Brenden Morrow emerged with the Dallas Stars early in the previous decade, when the team was in transition. A number of the standouts who played key roles in the team winning the Stanley Cup in 1999 were aging and moving on, and Morrow was seen as the leader of the next generation of Stars.
The team awarded him the captaincy in 2006 to cement that spot, and he more than lived up to his role as a leader on and off the ice.
But injuries and time have dulled his effectiveness over the last two seasons, bringing his future with the team into question.
NHL.com examines the pros and cons to the Stars making Morrow available to move prior to the April 3, 2013 NHL Trade Deadline:
Position: Left wing
Statistics: 27 games, 6 goals, 5 assists, 11 points
Salary status: Morrow is in the final season of a six-year, $24.6 million contract and can become an unrestricted free agent on July 1.
Keep him: For most of his career, Morrow has been the prototypical power forward, fighting for goals and creating havoc in front of the net in the offensive zone. While injuries have slowed him, at 34 there's no reason to think Morrow is past his prime. And as the Stars begin to transition younger players into the lineup, Morrow is an ideal leader to help in their adjustment.
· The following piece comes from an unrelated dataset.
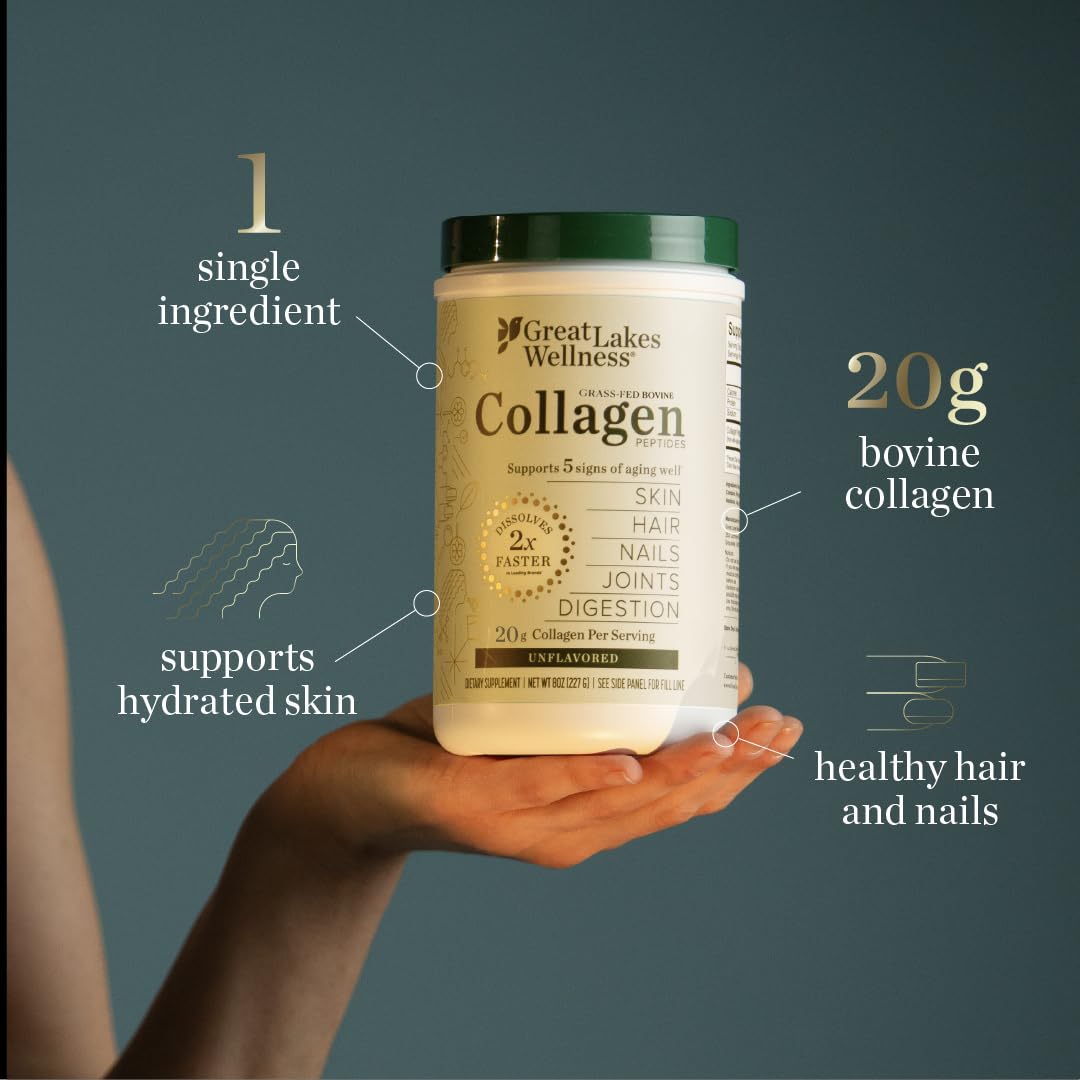 Great Lakes Wellness Collagen Peptides Powder – Supports Skin, Hair, Nails, Joints & Digestion – Hydrolyzed, Quick Dissolve, Non-GMO, Keto & Kosher – Pure Collagen Protein (10 oz, 14 Servings)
Move him: The effects of 13 seasons of playing a crash/bang style began to catch up to Morrow last season, as injuries limited him to 57 games, and though he's missed two games this season, he clearly isn't the same player. Coach Glen Gulutzan even tried shifting him to the fourth line in the hope that would somehow spark him. Morrow's skills haven't completely deserted him, but it could be time for a change for both player and team. Morrow was on the younger side when he came into the League, serving as the guy who bumped out Mike Modano and Brett Hull; now he's in their spot as Loui Eriksson and Jamie Benn emerge. The Philadelphia Flyers reportedly have shown interest in Morrow, and other teams could enter the bidding for a power forward who can contribute at even strength and on the power play.